WORK REQUIRED →
Reproduce verbatim only the lines from the one containing "Hotel Golf Prague" through the last line below, both included.
(INPUT FOR THIS TASK Opens)
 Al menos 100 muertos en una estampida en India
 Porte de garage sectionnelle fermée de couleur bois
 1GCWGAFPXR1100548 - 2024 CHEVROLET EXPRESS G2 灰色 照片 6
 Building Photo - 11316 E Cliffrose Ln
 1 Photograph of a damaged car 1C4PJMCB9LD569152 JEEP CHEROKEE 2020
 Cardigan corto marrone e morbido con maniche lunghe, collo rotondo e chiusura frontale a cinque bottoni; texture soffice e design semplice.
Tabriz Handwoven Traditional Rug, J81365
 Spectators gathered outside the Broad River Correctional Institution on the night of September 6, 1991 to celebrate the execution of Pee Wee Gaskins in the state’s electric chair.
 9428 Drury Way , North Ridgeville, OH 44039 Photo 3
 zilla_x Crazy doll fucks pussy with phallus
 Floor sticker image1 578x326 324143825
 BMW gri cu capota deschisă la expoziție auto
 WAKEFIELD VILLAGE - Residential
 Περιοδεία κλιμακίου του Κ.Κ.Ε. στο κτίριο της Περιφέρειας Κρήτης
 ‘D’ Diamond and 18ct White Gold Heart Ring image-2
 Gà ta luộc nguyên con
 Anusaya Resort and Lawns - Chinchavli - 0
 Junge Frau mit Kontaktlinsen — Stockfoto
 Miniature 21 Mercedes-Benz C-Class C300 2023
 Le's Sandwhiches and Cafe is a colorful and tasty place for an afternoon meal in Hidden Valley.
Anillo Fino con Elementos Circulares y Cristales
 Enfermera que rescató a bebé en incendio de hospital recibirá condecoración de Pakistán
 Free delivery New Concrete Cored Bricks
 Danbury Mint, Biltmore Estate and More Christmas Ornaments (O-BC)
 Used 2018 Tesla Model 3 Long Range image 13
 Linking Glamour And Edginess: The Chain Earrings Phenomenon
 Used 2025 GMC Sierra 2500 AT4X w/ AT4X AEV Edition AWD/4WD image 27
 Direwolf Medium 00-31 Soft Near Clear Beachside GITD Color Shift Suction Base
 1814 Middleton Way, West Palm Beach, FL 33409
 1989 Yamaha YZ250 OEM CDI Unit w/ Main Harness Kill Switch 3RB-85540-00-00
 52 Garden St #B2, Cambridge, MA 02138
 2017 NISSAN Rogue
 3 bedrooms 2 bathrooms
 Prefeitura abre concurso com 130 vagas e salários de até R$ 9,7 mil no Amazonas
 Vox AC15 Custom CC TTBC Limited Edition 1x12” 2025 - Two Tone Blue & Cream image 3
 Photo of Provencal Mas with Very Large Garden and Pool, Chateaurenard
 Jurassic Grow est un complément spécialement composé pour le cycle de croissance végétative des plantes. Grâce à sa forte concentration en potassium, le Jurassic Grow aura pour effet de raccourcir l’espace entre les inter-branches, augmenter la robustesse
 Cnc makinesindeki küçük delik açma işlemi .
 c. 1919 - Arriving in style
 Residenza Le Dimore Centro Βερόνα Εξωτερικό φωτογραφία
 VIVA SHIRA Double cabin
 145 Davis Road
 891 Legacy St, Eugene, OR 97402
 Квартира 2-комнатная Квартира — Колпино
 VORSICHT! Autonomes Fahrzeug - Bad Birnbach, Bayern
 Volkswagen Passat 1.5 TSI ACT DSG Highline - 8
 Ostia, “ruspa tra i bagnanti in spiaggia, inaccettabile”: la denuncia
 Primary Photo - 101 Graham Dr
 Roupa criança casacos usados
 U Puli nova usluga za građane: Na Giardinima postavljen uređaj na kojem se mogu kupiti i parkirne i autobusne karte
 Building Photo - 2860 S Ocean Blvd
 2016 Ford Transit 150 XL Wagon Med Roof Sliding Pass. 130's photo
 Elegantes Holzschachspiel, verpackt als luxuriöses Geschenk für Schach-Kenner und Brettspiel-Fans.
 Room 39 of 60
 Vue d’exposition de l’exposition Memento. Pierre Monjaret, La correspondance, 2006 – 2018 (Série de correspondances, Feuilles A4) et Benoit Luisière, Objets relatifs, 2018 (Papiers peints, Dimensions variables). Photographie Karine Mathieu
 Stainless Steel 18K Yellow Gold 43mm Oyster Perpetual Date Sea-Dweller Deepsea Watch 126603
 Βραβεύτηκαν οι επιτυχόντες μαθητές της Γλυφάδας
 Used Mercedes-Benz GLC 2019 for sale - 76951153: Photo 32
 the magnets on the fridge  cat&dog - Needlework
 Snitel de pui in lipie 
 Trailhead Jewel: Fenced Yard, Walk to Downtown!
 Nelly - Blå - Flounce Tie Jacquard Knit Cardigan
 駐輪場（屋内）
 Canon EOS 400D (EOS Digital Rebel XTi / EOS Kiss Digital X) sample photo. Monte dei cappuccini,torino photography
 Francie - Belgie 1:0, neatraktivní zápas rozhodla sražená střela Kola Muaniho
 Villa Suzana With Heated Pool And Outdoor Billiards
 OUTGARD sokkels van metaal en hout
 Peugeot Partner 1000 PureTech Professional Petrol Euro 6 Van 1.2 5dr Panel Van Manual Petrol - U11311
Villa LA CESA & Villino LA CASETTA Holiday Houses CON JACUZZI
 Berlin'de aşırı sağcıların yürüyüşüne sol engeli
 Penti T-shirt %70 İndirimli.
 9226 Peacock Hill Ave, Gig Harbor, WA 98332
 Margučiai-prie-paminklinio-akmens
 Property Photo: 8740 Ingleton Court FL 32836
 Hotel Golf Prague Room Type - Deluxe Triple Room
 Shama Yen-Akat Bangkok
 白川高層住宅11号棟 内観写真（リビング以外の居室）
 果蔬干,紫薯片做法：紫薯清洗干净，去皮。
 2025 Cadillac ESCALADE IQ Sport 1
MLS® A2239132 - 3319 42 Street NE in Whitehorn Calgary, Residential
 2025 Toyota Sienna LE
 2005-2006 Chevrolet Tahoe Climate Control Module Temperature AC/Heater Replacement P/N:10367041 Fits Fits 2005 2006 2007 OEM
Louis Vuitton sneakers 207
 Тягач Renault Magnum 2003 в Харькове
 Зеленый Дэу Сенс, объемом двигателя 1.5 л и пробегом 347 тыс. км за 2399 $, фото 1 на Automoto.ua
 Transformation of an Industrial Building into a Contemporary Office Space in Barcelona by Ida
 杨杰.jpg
(INPUT FOR THIS TASK Closes)
EXERCISE RESULT →
 Hotel Golf Prague Room Type - Deluxe Triple Room
 Shama Yen-Akat Bangkok
 白川高層住宅11号棟 内観写真（リビング以外の居室）
 果蔬干,紫薯片做法：紫薯清洗干净，去皮。
 2025 Cadillac ESCALADE IQ Sport 1
MLS® A2239132 - 3319 42 Street NE in Whitehorn Calgary, Residential
 2025 Toyota Sienna LE
 2005-2006 Chevrolet Tahoe Climate Control Module Temperature AC/Heater Replacement P/N:10367041 Fits Fits 2005 2006 2007 OEM
Louis Vuitton sneakers 207
 Тягач Renault Magnum 2003 в Харькове
 Зеленый Дэу Сенс, объемом двигателя 1.5 л и пробегом 347 тыс. км за 2399 $, фото 1 на Automoto.ua
 Transformation of an Industrial Building into a Contemporary Office Space in Barcelona by Ida
 杨杰.jpg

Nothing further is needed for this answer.